Companies have long provided job rotations for higher level executives to give them a sense of how different departments operate. Later it was also discovered that short- to medium-term moves for rank-and-file employees helped workers sharpen their skills, stay motivated and identify new roles they might aim for in the future. More recently and important, job-swapping programs also help address a challenge that many companies are facing: how to better foster collaboration across different specialties and regions.
But all these programs are usually designed for moving workers inside companies own walls. No so much known are similar programs in which two very different companies swap their employees in order to spur innovation. But this is what Google and P&G did some years ago. The partnership came about as P&G seek to do a better job marketing on-line and Google was looking for more advertising money for the kind of big consumer-goods company P&G represented (not investing in online marketing then).
About two-dozen staffers from the two companies spent weeks dipping into each other’s staff training programs and sitting in on meetings where business plans get hammered out. The learning was mutual. As the two companies started working together, the gulf between them quickly became apparent. For instance, when actress Salma Hayek unveiled an ambitious promotion for P&G’s Pampers brand, the Google team was stunned to learn that Pampers hadn’t invited any “motherhood” bloggers — women who run popular Web sites about child-rearing — to attend the press conference. “Where are the bloggers?” asked a Google staffer in disbelief.
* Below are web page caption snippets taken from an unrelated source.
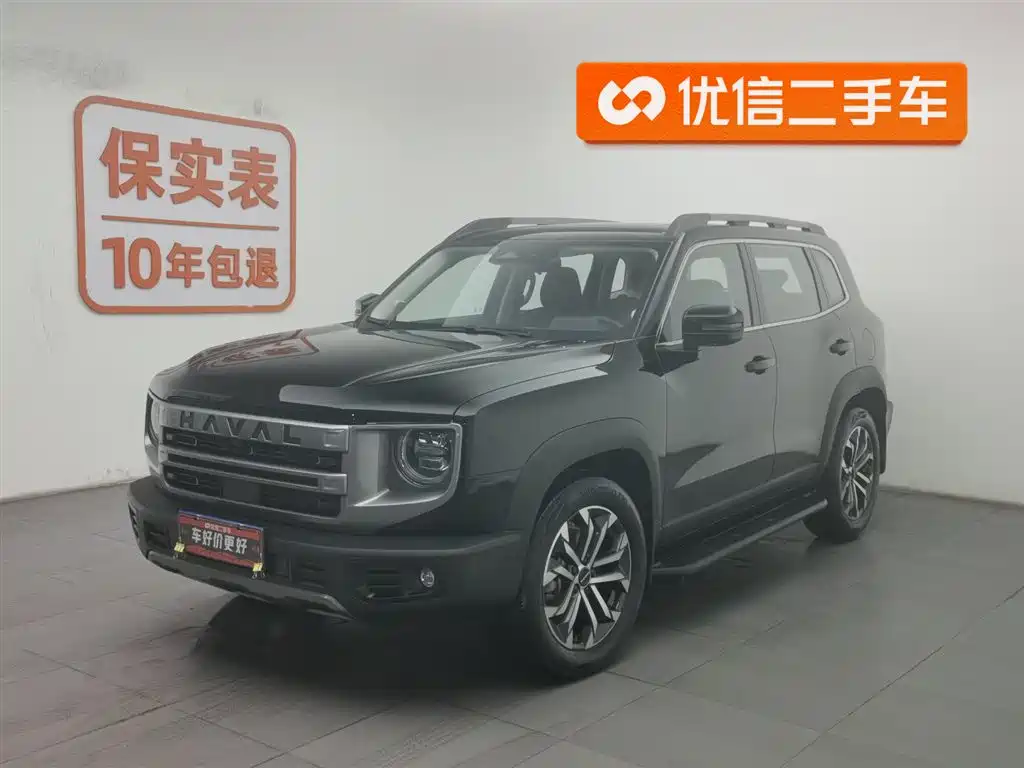 Haval Big Dog 2024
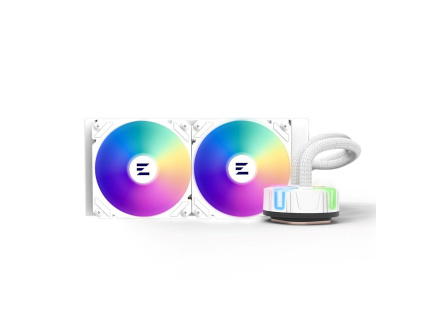 ZALMAN vodní chladič Reserator5 Z24, 2x120mm, PWM, ARGB, LGA1851, AM5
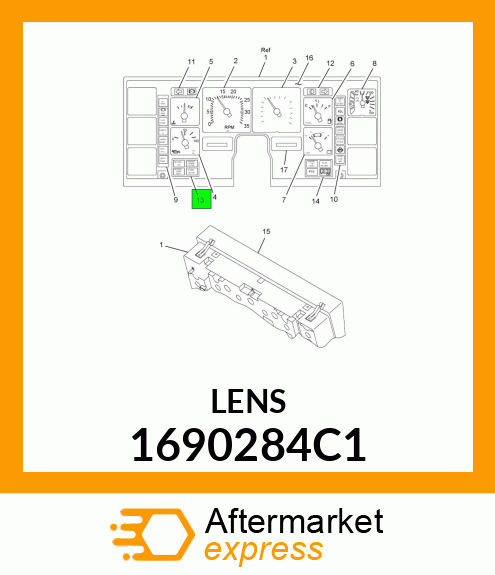 LENS 1690284C1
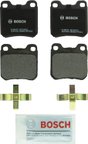 Bosch BP709 Disc Brake Pad Set - Rear - view 2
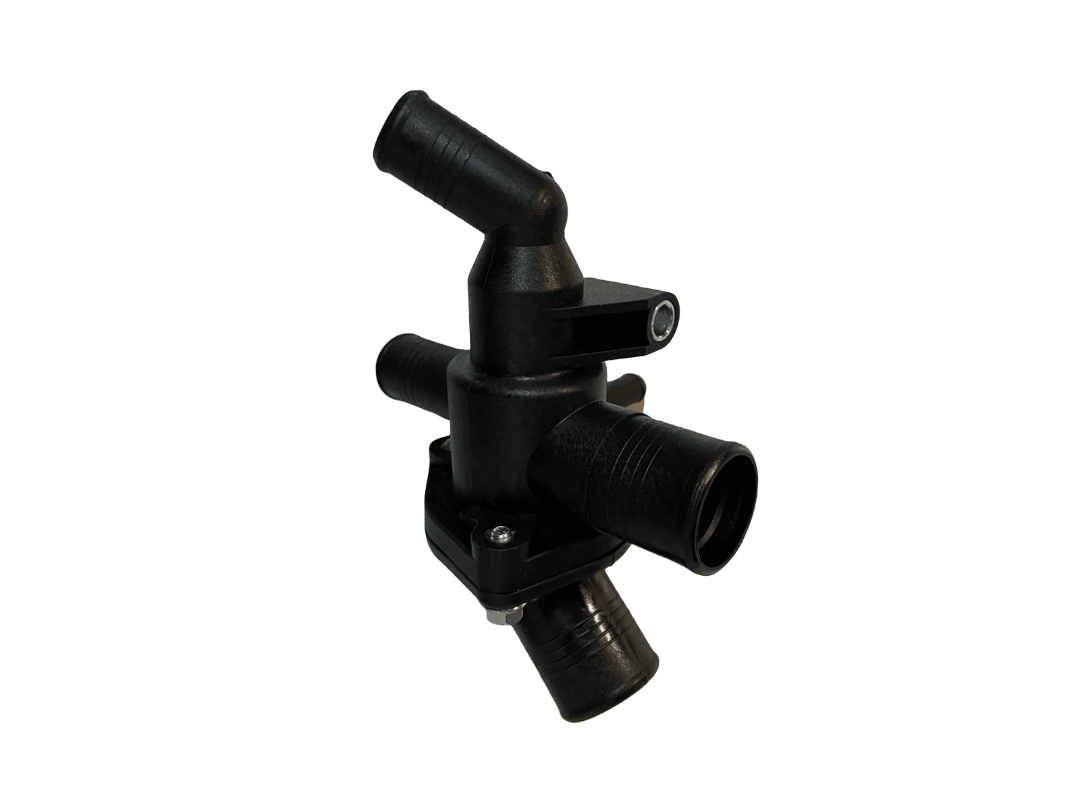 Ford Transit V184 2.4 2001> Termostat Yuvası | OES 610.000.10.53 - 1C1O 8A586 AC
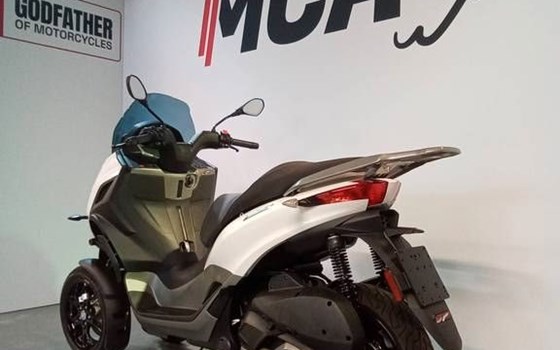Neufahrzeug Piaggio MP3 310 - Bild 3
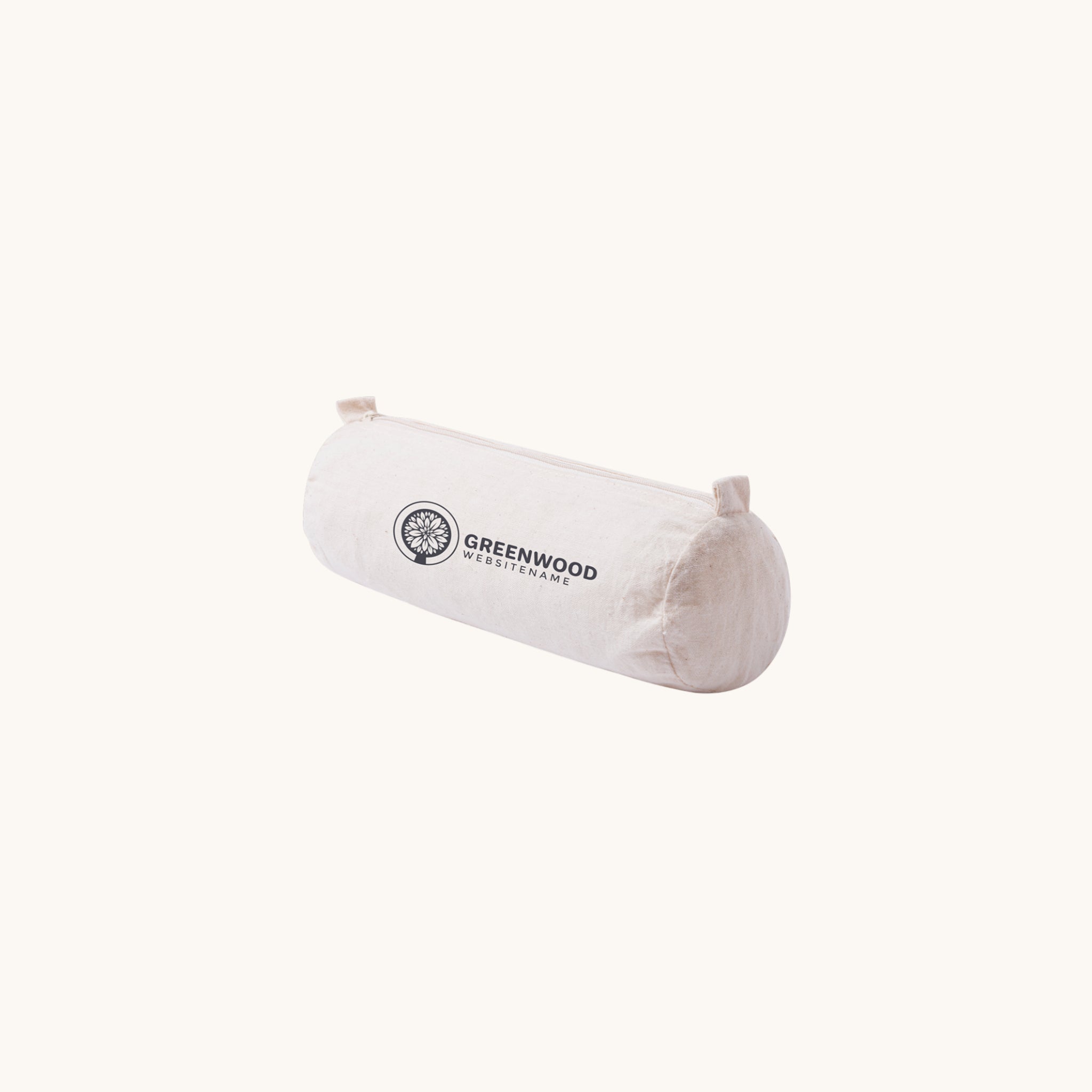 COTTON CYLINDER CASE
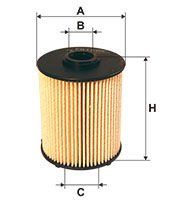 FILTRON FILT PE 962 210-163 YAKIT FILTRESI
For their part, P&G employees gasped in surprise during a Tide brand meeting when a Google job-swapper apparently didn’t realize that Tide’s signature orange-colored packaging is a key part of the brand’s image.
According to executives, the initiative was no just a good way to share information between partners, but a good way of opening up the culture to new ideas in general.
The initiative draw little notice then, so it’s worth to recall it as it was published by the Wall Street Journal.